His shirt sleeves rolled up, Britain’s foreign secretary, Jeremy Hunt, bounded into the hall, ignored the lectern and headed straight to the front of the stage to make his pitch that he should lead the country out of its paralyzing Brexit maze.
But right from the start, Mr. Hunt was playing catch-up. He is one of two candidates to be Britain’s next prime minister, and his rival and predecessor as foreign secretary, Boris Johnson, had already won cheers from this audience with his crowd-pleasing, pro-Brexit bombast. And, earlier, Mr. Johnson had grabbed eye-catching headlines by claiming that he would beat Mr. Hunt in a naked mud-wrestling contest.
The two men are competing for the votes of about 160,000 Conservative Party members, who will choose a new leader, and prime minister, next month, as the Conservatives hold a working majority in Parliament. They faced off directly on Tuesday night, in a televised debate that the foreign secretary had pressed for to make his case.
After considerable deliberations, Mr. Johnson decided to campaign for Brexit in the 2016 referendum. That cause is embraced with virtually cultlike certitude by almost all Conservative members now, and Mr. Johnson has doubled down, promising to leave the European Union with or without a deal on Oct. 31. He says -- improbably, in the view of most analysts -- that by taking a tougher stand than Prime Minister Theresa May did, and by believing in the Brexit project, he will persuade a resolute European Union to offer concessions it has so far ruled out.
Given that Johnson is currently the favorite to emerge the electoral victor and British Prime Minister on July 23, perhaps the Times should rein in its anti-Johnson predictions, given its less than stellar history of forecasts. Reporter Sarah Lyall’s hostile 2016 prediction may not age well:
As he abandoned his campaign to be the Conservative Party leader -- and with it, probably, his chances of ever being prime minister -- he seemed almost relieved to be spared the burden of running the country he had done so much to destabilize.

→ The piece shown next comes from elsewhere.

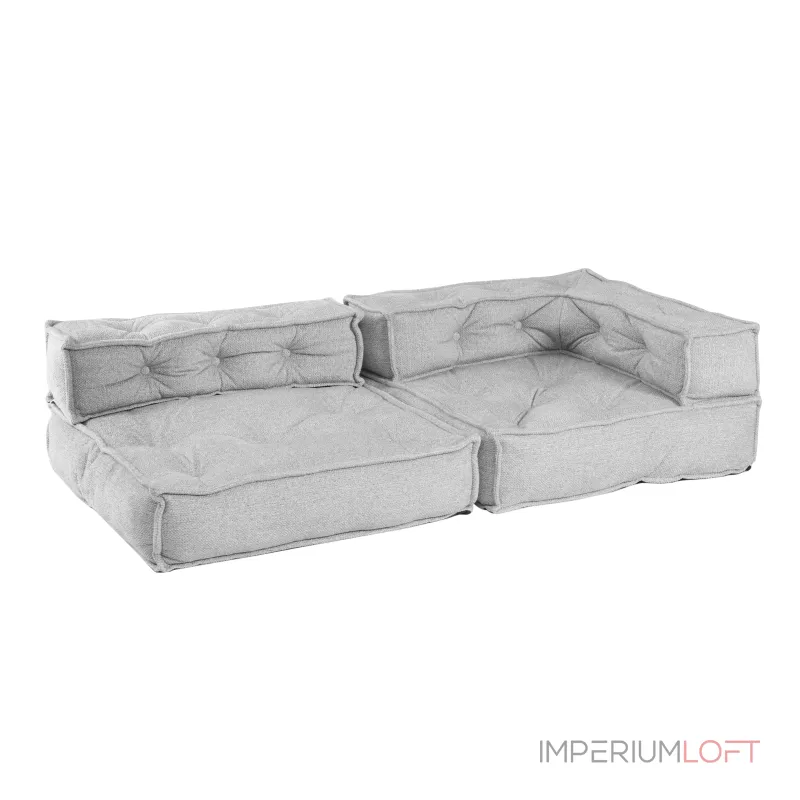 Модуль мягкий угловой Miracle TetChair 25336 от ImperiumLoft Модуль мягкий угловой Miracle TetChair 25336 от ImperiumLoft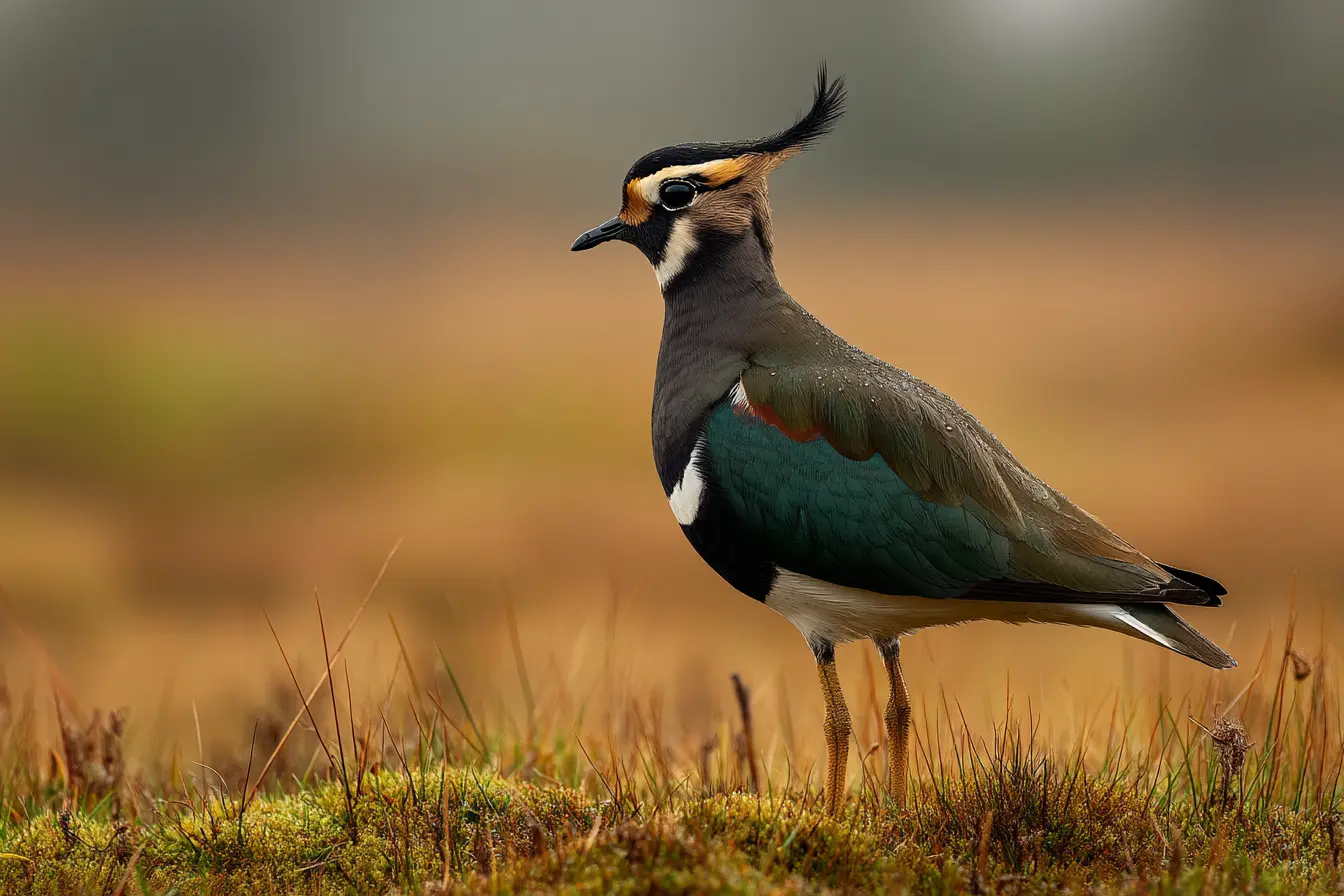 Northern Lapwing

Benjamin Mueller’s analysis on Sunday took the hostile liberal line, self-evident from the headline: “Older, Male, White: The 0.3% of Voters Who Will Pick Britain’s Leader.” Typical Brexit-bashing ensued:
.... Gathered here were three dozen of the 160,000 or so party members who will choose the next Conservative leader and, therefore, prime minister, giving them unparalleled power to determine their country’s fate as it careens through the Brexit crisis. This sliver of the population, just 0.3 percent of registered voters, is mostly white, aging and male....As the Brexit mess has unfolded, Conservatives have grown ever more impatient, ever more fixated on leaving the European Union, come what may. Most members said in recent polling by YouGov that leaving the bloc was worth enduring significant damage to the economy, secession by Scotland and Northern Ireland and even a shattering of the Conservative Party itself.....A no-deal Brexit, seen as the salvation of the party by some members, looks to others like its ruin. Economists warn it could drive up food prices, cost jobs, choke off the supply of medicines and badly disrupt British industry.
The Times is not alone in being appalled by Brexit. Just after the vote, in June of 2016, the networks exploded, demanding a “do-over” to “overturn” the decision.